━━━ Data shown

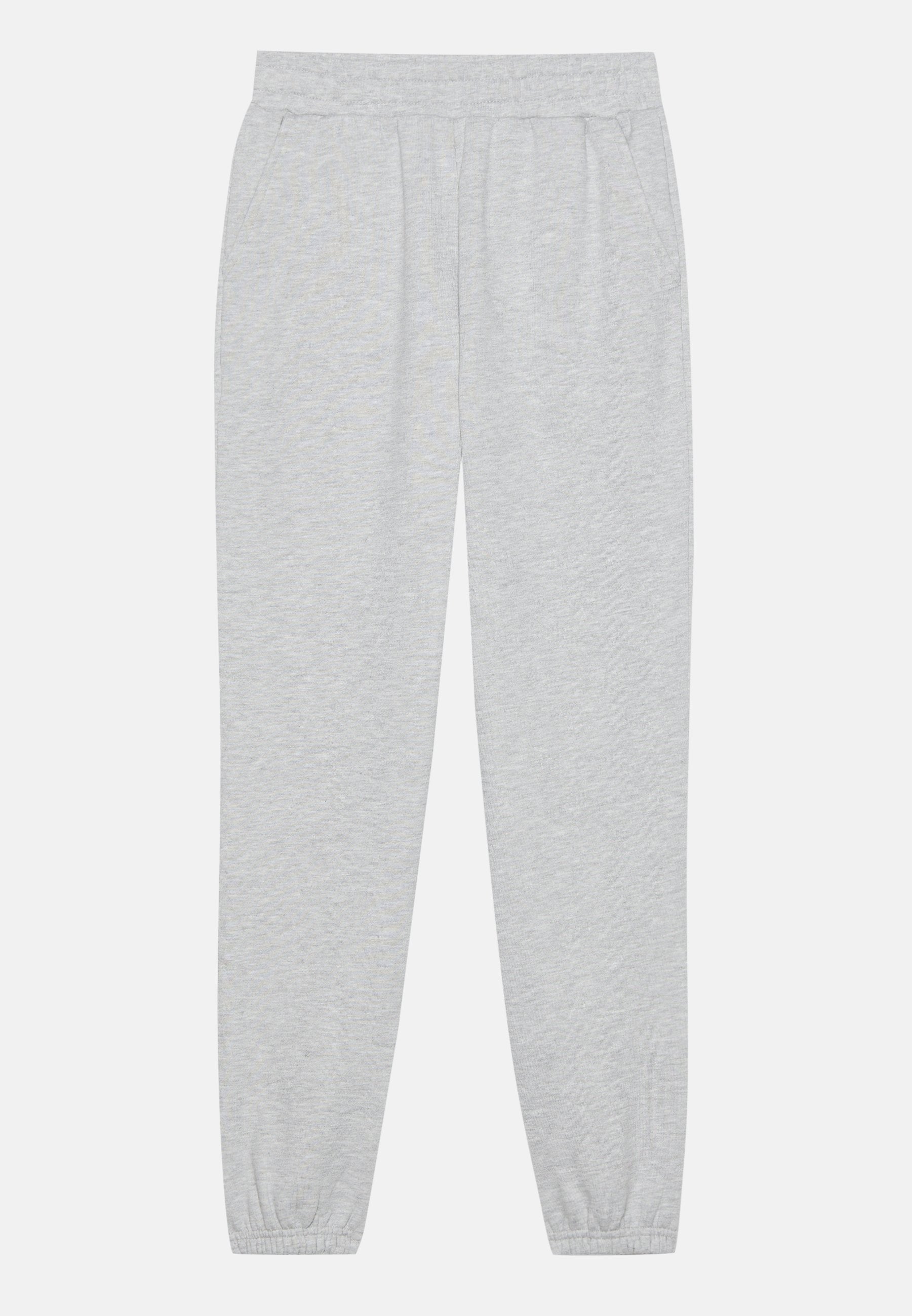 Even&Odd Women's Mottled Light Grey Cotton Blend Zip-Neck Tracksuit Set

━━━━━━
━━━ Data shown

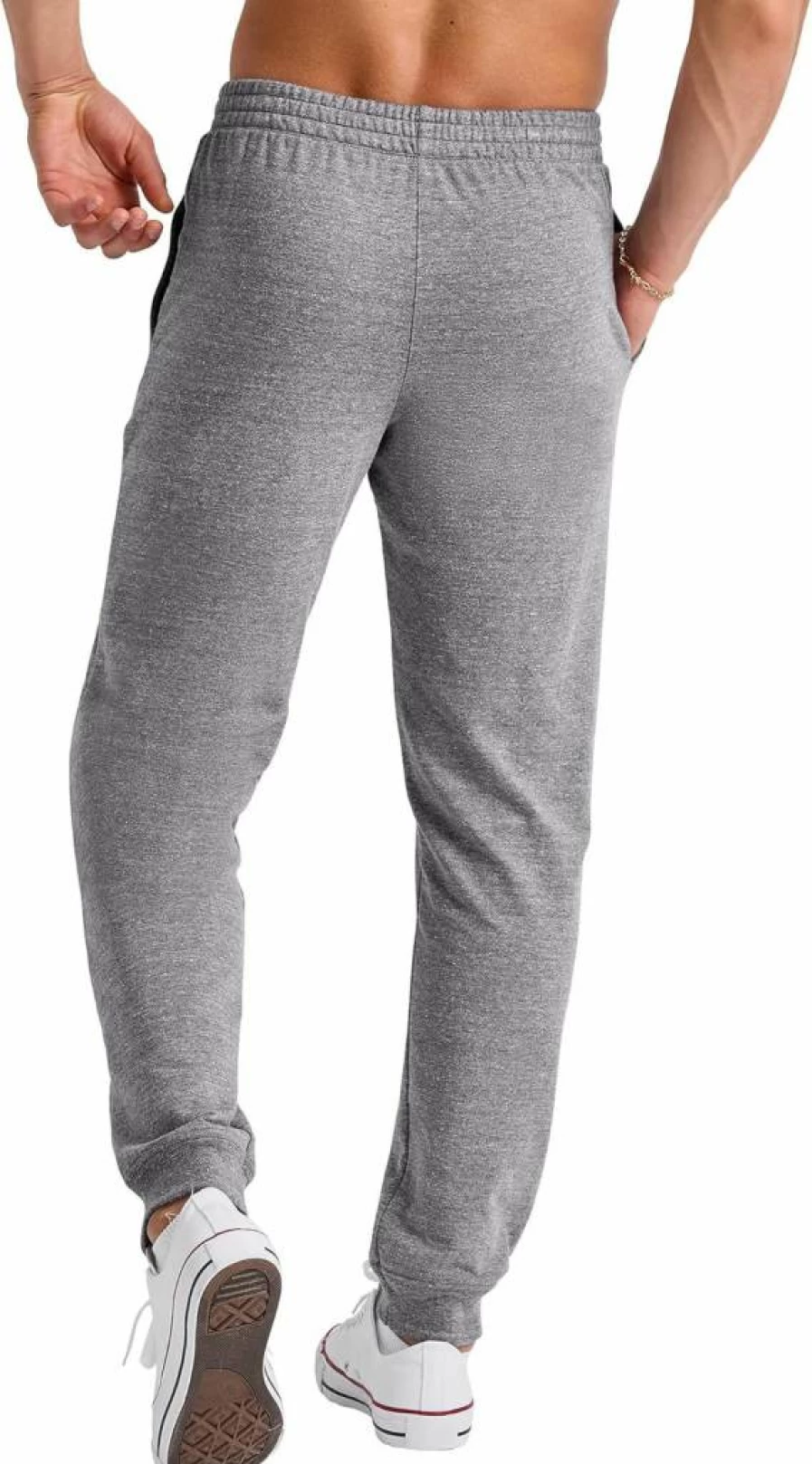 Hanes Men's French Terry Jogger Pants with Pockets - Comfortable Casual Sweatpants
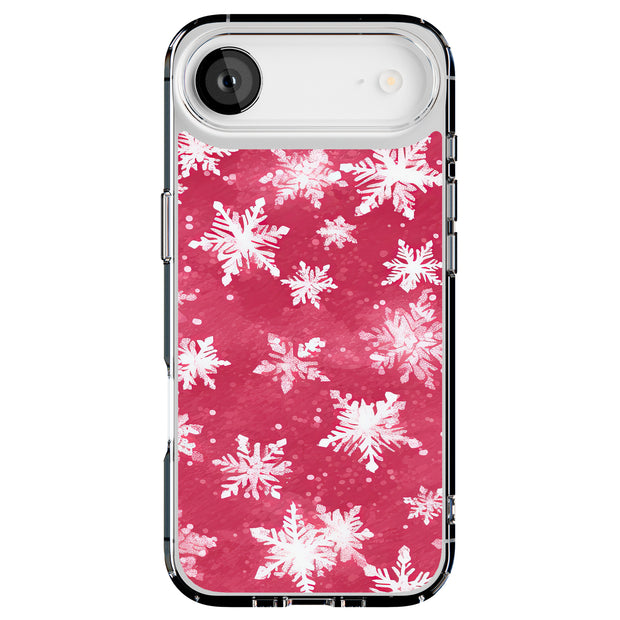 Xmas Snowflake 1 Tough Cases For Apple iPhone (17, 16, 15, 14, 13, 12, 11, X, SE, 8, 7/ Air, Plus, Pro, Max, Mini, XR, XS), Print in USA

━━━━━━
━━━ Data shown

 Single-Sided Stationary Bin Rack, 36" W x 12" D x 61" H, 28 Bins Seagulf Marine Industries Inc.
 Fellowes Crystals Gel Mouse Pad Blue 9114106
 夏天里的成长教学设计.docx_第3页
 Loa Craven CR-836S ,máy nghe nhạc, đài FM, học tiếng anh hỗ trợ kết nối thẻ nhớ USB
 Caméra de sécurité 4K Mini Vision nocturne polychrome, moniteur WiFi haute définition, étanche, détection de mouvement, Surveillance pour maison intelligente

━━━━━━

- Action item: Set down precisely the lines above between the line holding "Fellowes Crystals Gel Mouse Pad Blue 9114106" and the line holding "Caméra de sécurité", inclusive, and nothing beyond them.

- Written reply:
 Fellowes Crystals Gel Mouse Pad Blue 9114106
 夏天里的成长教学设计.docx_第3页
 Loa Craven CR-836S ,máy nghe nhạc, đài FM, học tiếng anh hỗ trợ kết nối thẻ nhớ USB
 Caméra de sécurité 4K Mini Vision nocturne polychrome, moniteur WiFi haute définition, étanche, détection de mouvement, Surveillance pour maison intelligente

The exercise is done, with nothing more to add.